Ten Australian institutions involving some of the country’s most prominent glaucoma researchers – including Matthew Flinders Distinguished Professor Jamie Craig and Flinders University colleagues at the Australian and New Zealand Registry of Advanced Glaucoma (ANZRAG) – were involved in the international effort which analysed genes in more than 34,000 people with glaucoma across multiple ancestries for the first time.
The results comparing the genes of people with the disease to 349,321 control subjects were published in Nature Communications last month.
Professor Craig says the international efforts such as this – analysing data on large numbers of glaucoma cases, incorporating clinical information and DNA – continues to lead to new genetic glaucoma risk profiles.
“Better identification of those people at high risk of glaucoma, through genetic screening, would result in an overall reduction of preventable blindness by treating the condition before serious sight loss has occurred,” he says.

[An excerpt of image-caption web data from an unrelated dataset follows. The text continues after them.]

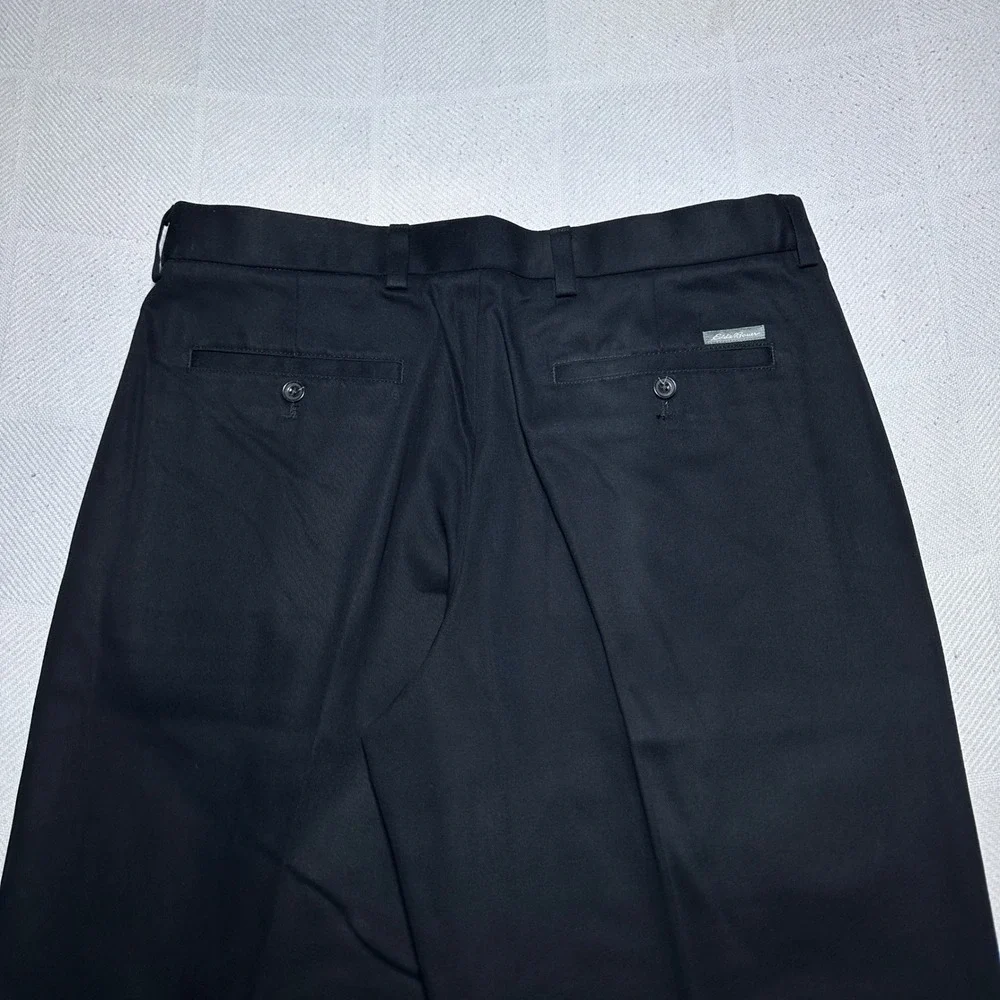 NEW Eddie Bauer Pleated Relaxed Chino Pants Mens 34x37 Wrinkle Free Black Casual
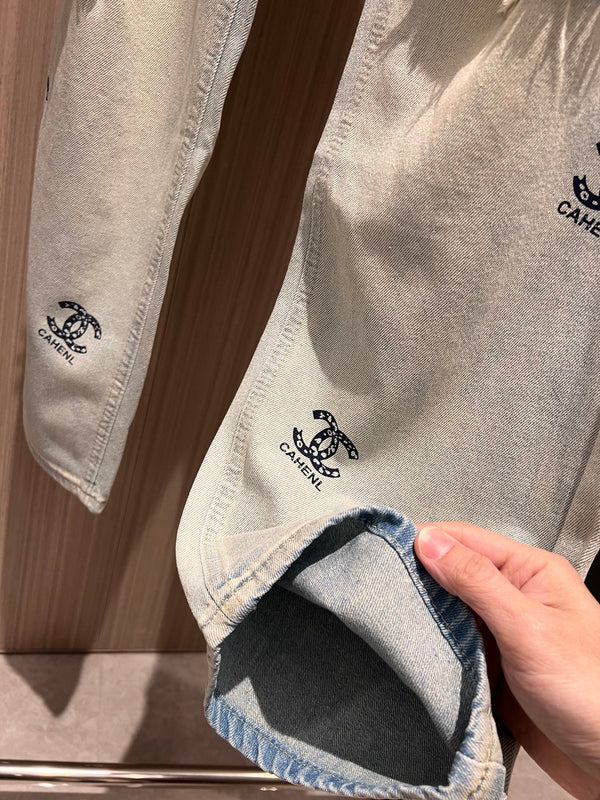 Jeans strappati stampati con doppia C CC in cotone blu chiaro retrò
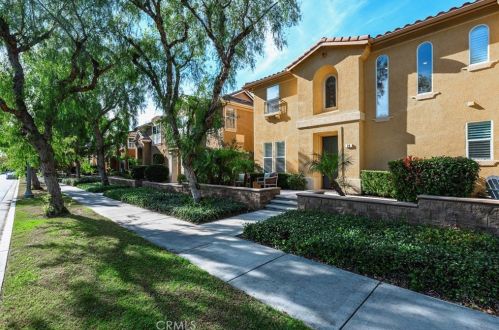 24 Apple Vly, Irvine, CA 92602-1014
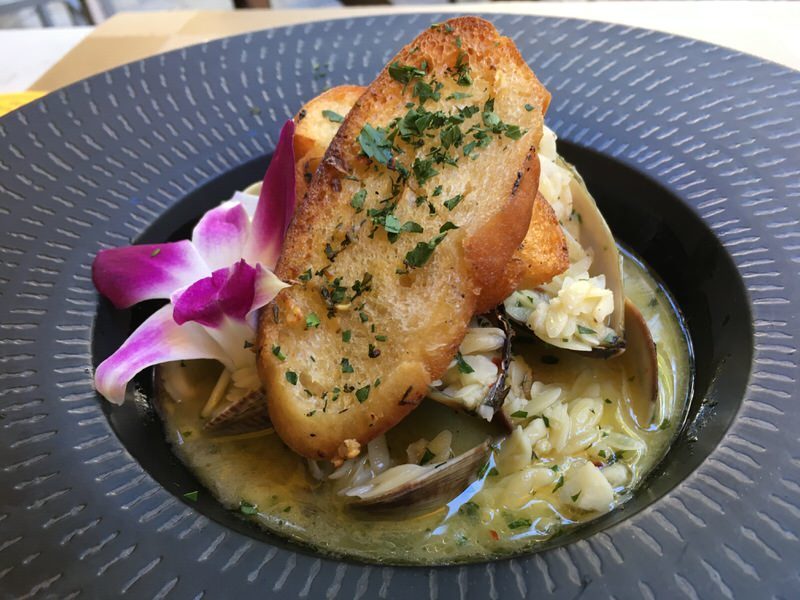 浅利の白ワイン蒸し VONGOLE BIANCO 12ドル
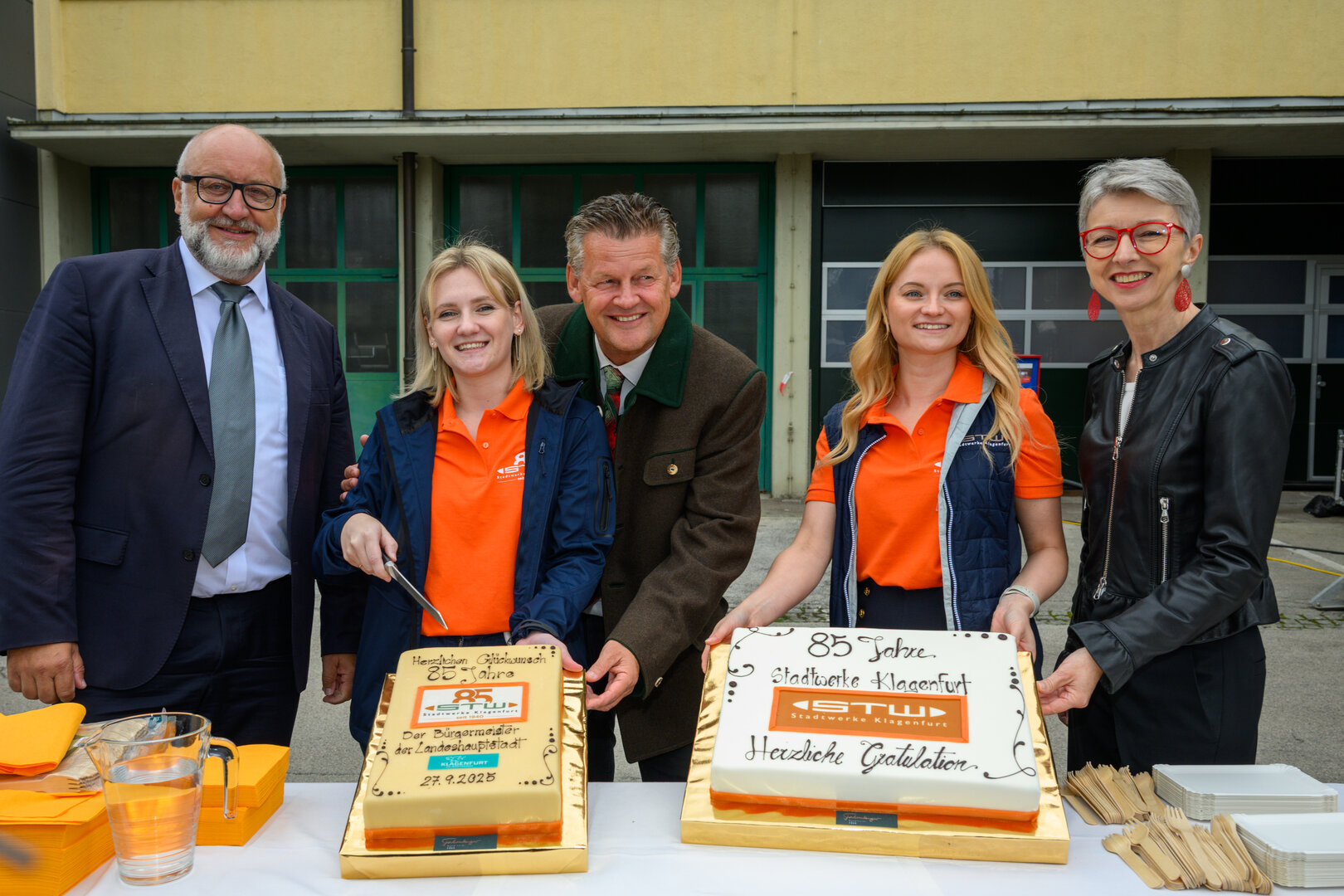 v.l.: STW-Vorstand DI Erwin Smole mit Bürgermeister Christian Scheider und Landeshauptmann-Stellvertreterin Dr. Gaby Schaunig beim Anschneiden der Jubiläumstorte zu 85 Jahre Stadtwerke Klagenfurt.  Foto: StadtKommunikation / Thomas Hude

Glaucoma is the second most prevalent cause of blindness world-wide. Primary open-angle glaucoma is the leading cause of irreversible blindness globally.
In addition to identifying new genetic variants, the international consortium of researchers also confirmed 83 previously reported genetic variants linked to glaucoma. Genetic variants are considered “genetic street addresses”, denoting a specific location on a gene.
Associate Professor Puya Gharahkhani, from Brisbane’s QIMR Berghofer Medical Research Institute, says for the first time in a glaucoma genome-wide association study, this research performed a cross-ancestry comparison looking at genetic data from people of European, African and Asian descent.
This found the majority of loci that contribute to glaucoma were consistent across all three groups.
“Glaucoma rates are highest in African and Asian ancestry groups, but the largest genetic studies of glaucoma in the past focused on people of European ancestry,” he says.
“Those studies showed genetic tests could be used to help identify who would benefit from sight-saving early monitoring or treatment, but because of the narrow scope of the genetic data, we weren’t sure until now that the genetic indicators were true for people of different ancestries.”
Future research will focus on using these genetic loci to improve screening and diagnosis of glaucoma and, one day, to develop new treatments.
“Glaucoma is one of the most strongly genetic human diseases, which is why we are looking at the genetic architecture of the disease to find clues on how to prevent and treat it,” adds Professor Stuart MacGregor, the head of QIMR Berghofer’s Statistical Genetics group and co-senior researcher on the study.
“We’re hopeful that understanding the biological processes and knowing which genes control them could help scientists develop new drugs in the future.”
Institutions that participated in the study included Flinders University Ophthalmology at Flinders Medical Centre, and the South Australian Institute of Ophthalmology at the University of Adelaide in South Australia, and in NSW the Centre for Vision Research, Department of Ophthalmology and Westmead Institute for Medical Research at the University of Sydney; Ophthalmology and Vision Science at Macquarie University; and Department of Ophthalmology at the University of Sydney, Sydney Eye Hospital.
Others were the Menzies Institute for Medical Research at the University of Tasmania; the Centre for Eye Research Australia at the University of Melbourne; the Centre for Ophthalmology and Visual Science at the University of Western Australia; and QIMR Berghofer Medical Research Institute in Brisbane.
Grants from the National Health and Medical Research Council (NHMRC) of Australia and the Ophthalmic Research Institute of Australia helped support the study.